**** Material provided ****
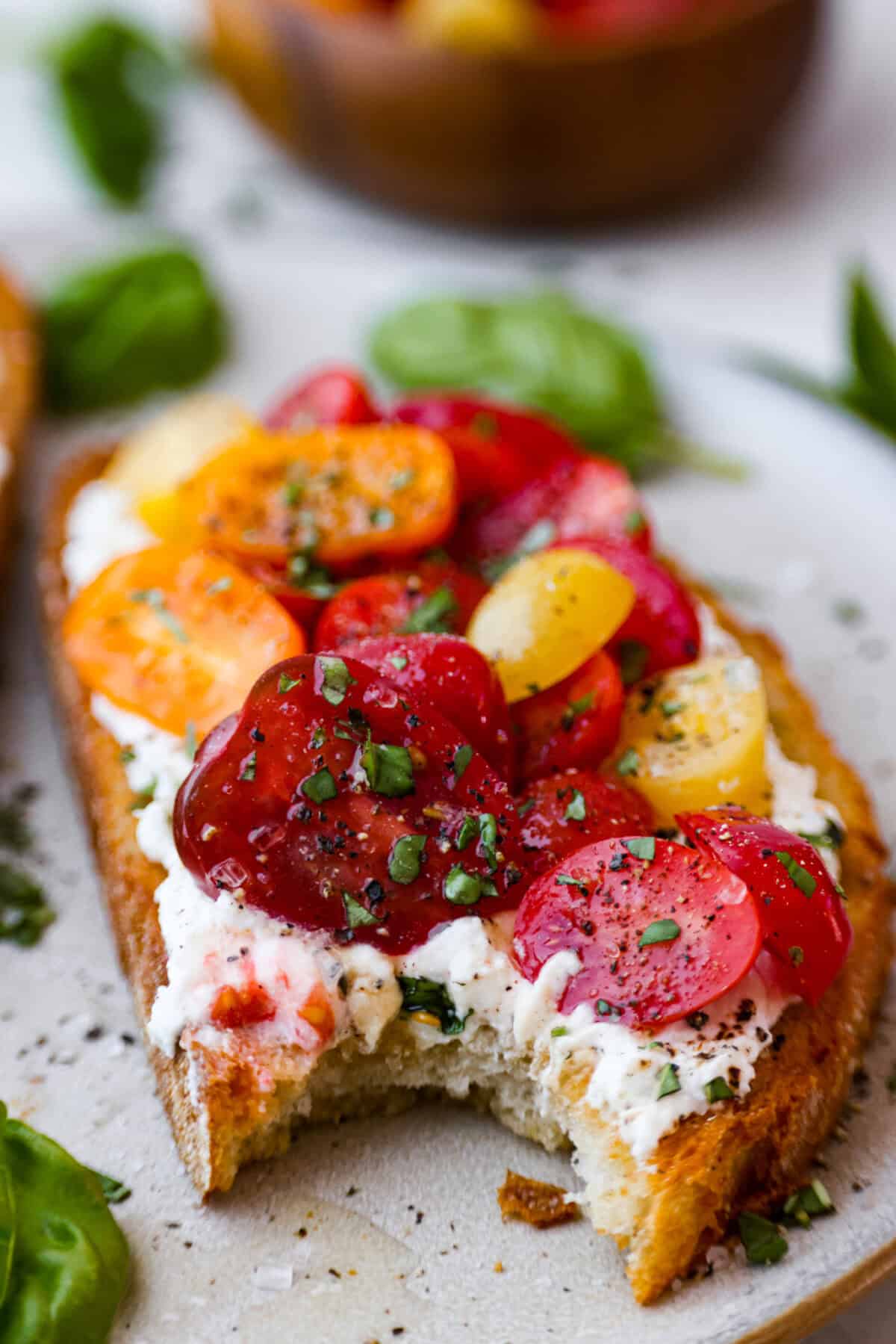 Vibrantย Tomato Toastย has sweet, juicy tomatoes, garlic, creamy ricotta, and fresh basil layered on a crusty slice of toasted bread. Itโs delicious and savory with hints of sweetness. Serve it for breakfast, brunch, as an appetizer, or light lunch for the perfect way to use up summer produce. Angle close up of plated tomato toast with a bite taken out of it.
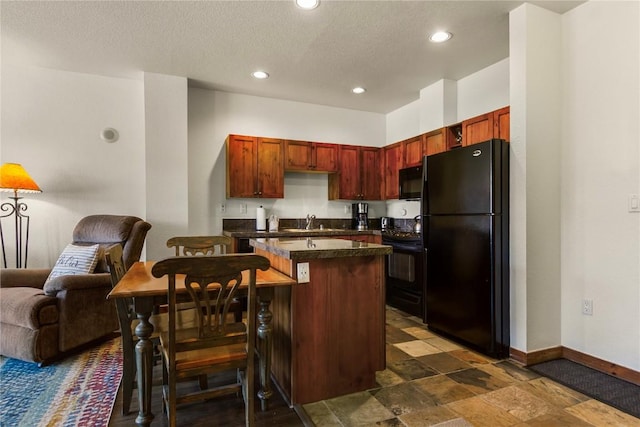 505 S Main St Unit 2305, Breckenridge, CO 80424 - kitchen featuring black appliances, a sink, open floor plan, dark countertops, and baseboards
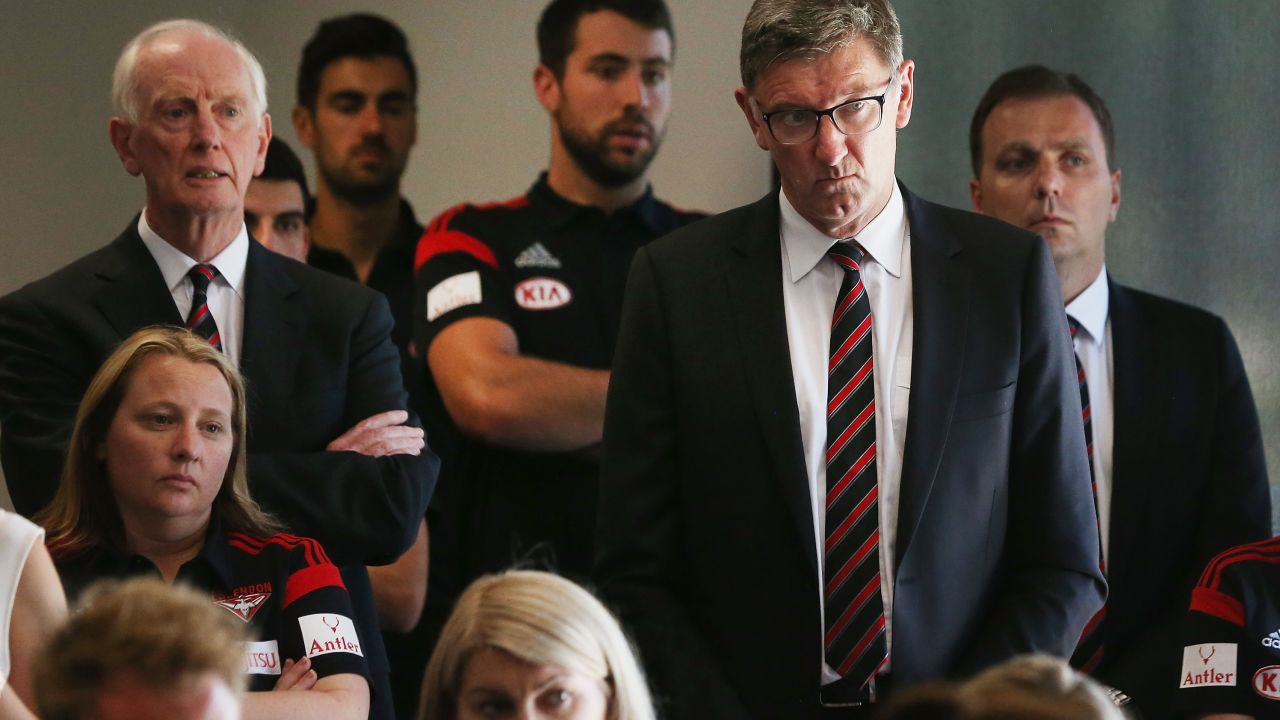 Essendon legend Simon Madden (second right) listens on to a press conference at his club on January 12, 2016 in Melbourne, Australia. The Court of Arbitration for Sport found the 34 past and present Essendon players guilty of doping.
****
= Activity =
Retype the listing exactly. Pictures do not belong in the copy.

= Written solution =
 Vibrantย Tomato Toastย has sweet, juicy tomatoes, garlic, creamy ricotta, and fresh basil layered on a crusty slice of toasted bread. Itโs delicious and savory with hints of sweetness. Serve it for breakfast, brunch, as an appetizer, or light lunch for the perfect way to use up summer produce. Angle close up of plated tomato toast with a bite taken out of it.
 505 S Main St Unit 2305, Breckenridge, CO 80424 - kitchen featuring black appliances, a sink, open floor plan, dark countertops, and baseboards
 Essendon legend Simon Madden (second right) listens on to a press conference at his club on January 12, 2016 in Melbourne, Australia. The Court of Arbitration for Sport found the 34 past and present Essendon players guilty of doping.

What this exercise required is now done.